> **WHAT IS REQUIRED**:
Without the images, reproduce each line of the material exactly.

> **SOURCE DATA**:
◇ ◇ ◇ ◇

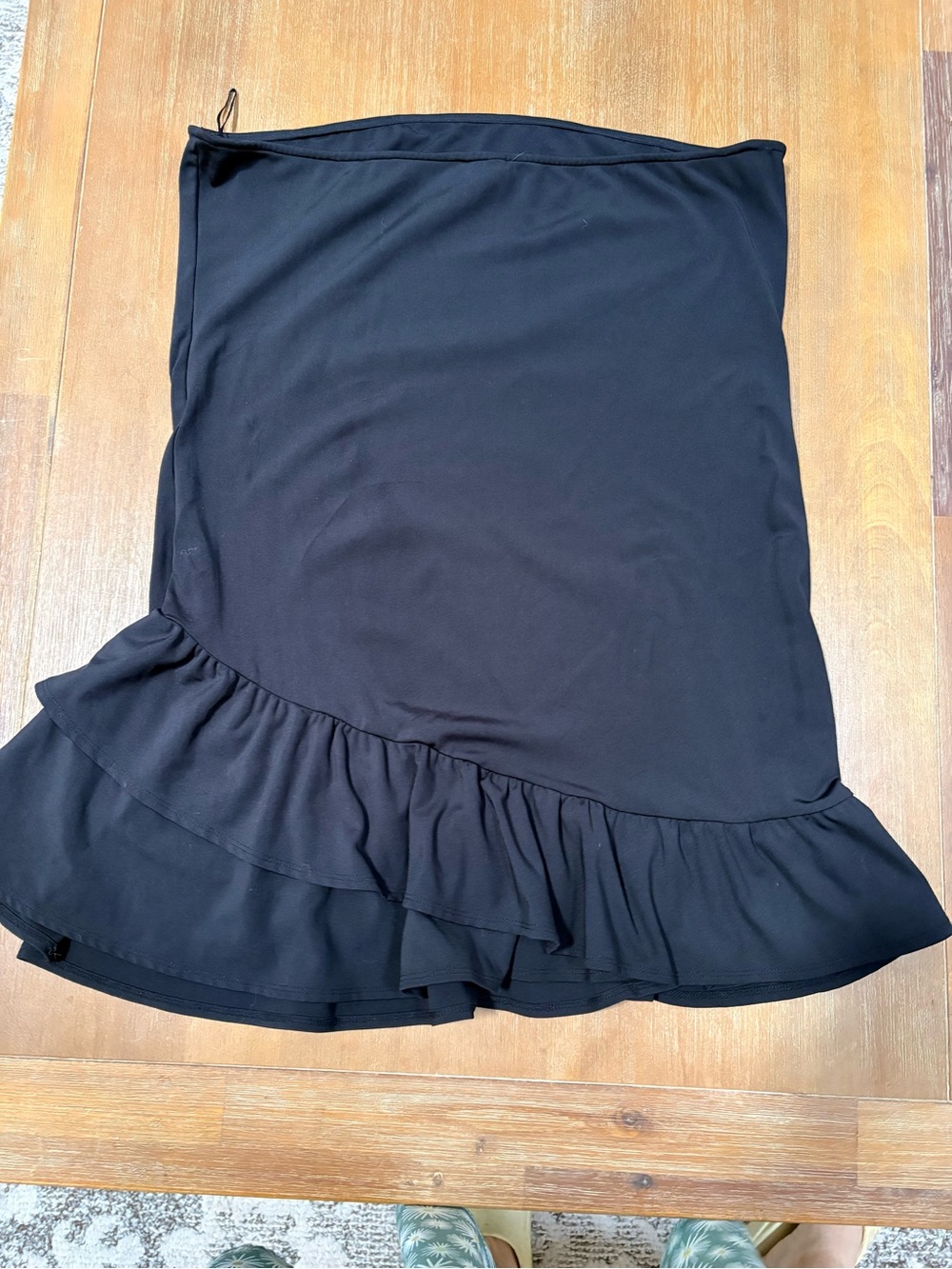 Divided Strapless Black Ruffle-Hem Mini Dress - Picture 2 of 10
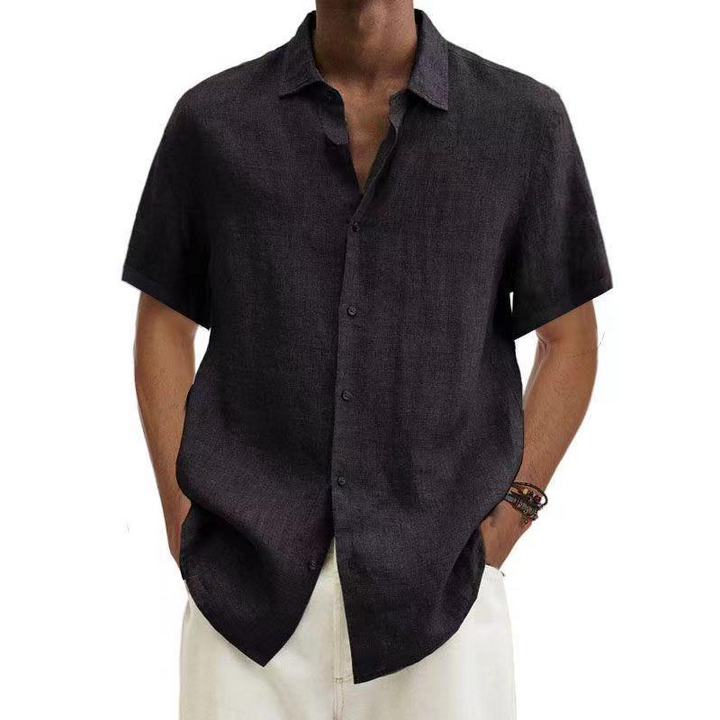 Archie - Casual Men's Linen Shirt with Short Sleeves and Classic Collar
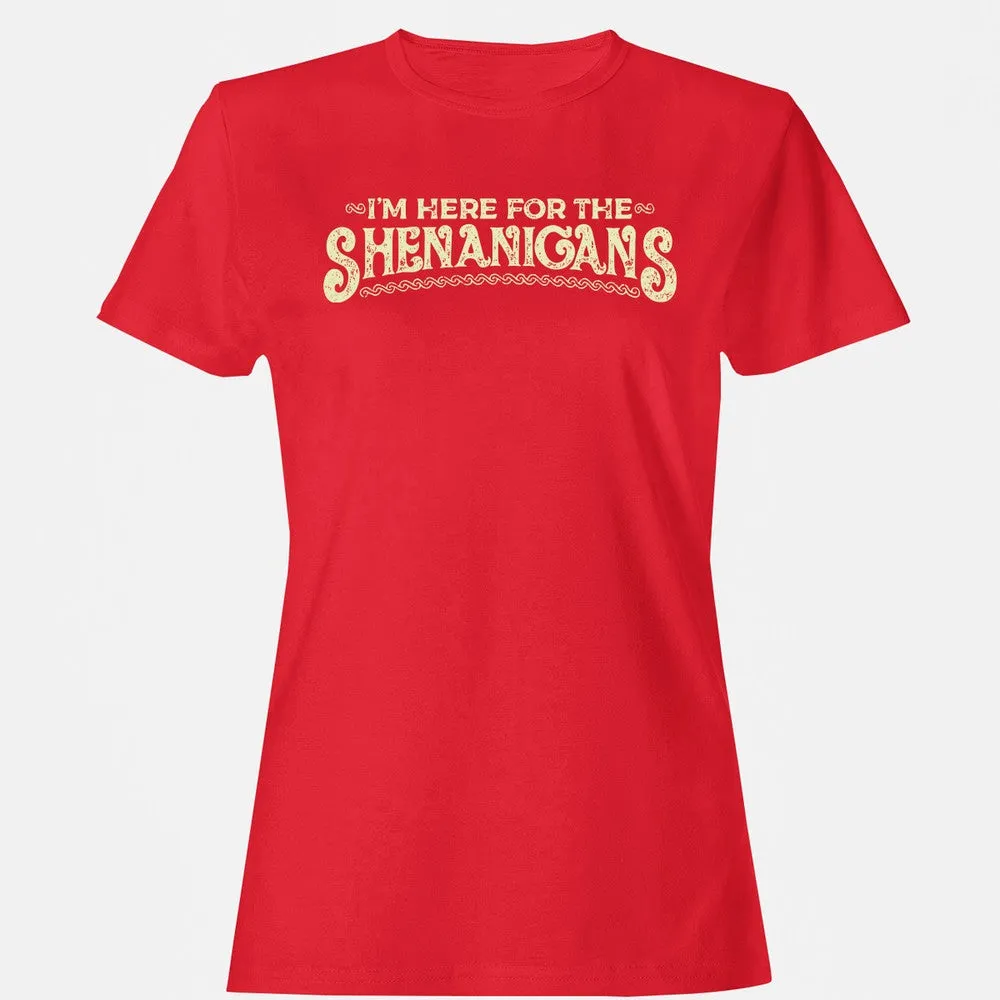 Here For The Shenanigans Women's T-Shirt - Red - 13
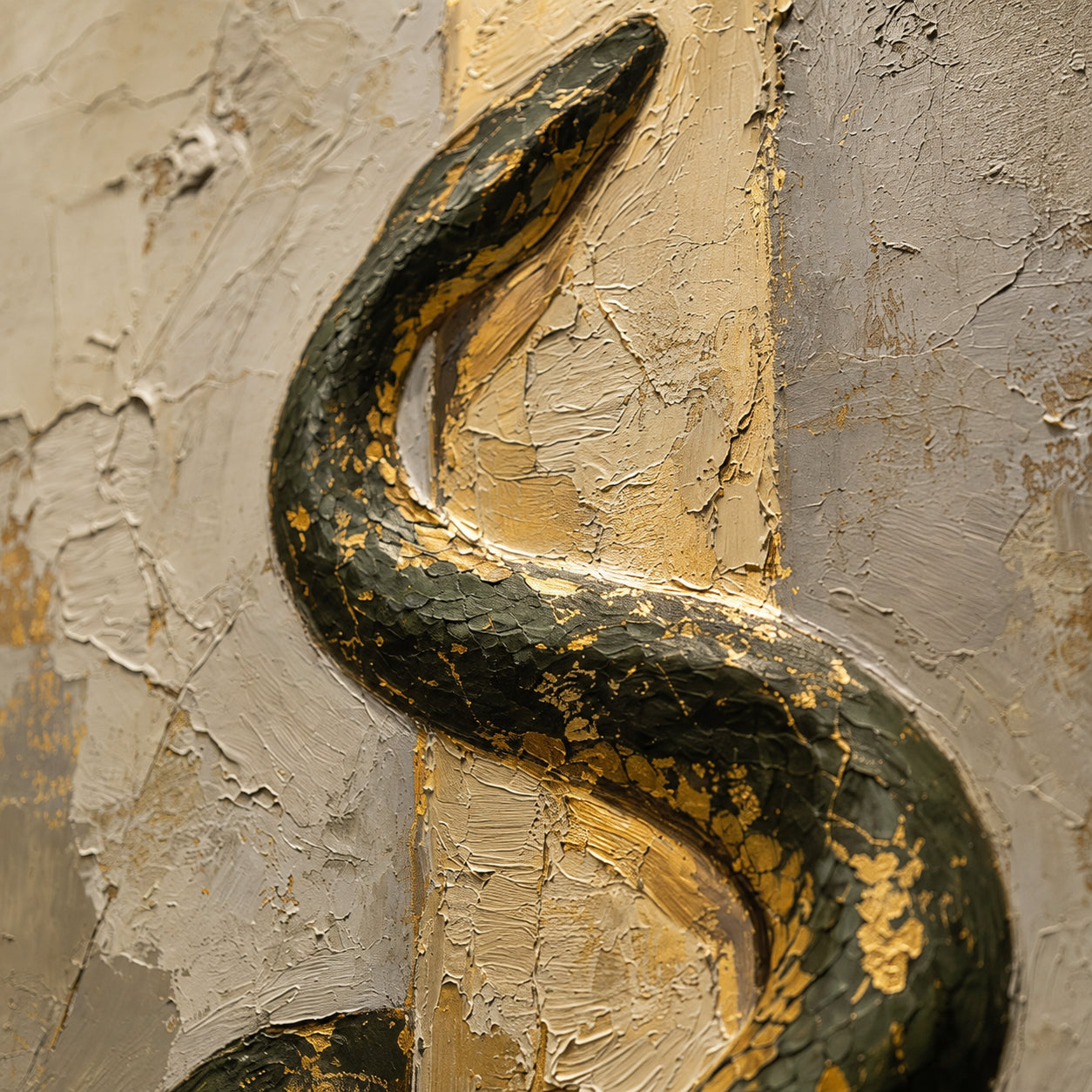 Gilded-Serpent oil painting brushwork and impasto detail photographed from an oblique side angle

◇ ◇ ◇ ◇

> **TASK ANSWER**:
 Divided Strapless Black Ruffle-Hem Mini Dress - Picture 2 of 10
 Archie - Casual Men's Linen Shirt with Short Sleeves and Classic Collar
 Here For The Shenanigans Women's T-Shirt - Red - 13
 Gilded-Serpent oil painting brushwork and impasto detail photographed from an oblique side angle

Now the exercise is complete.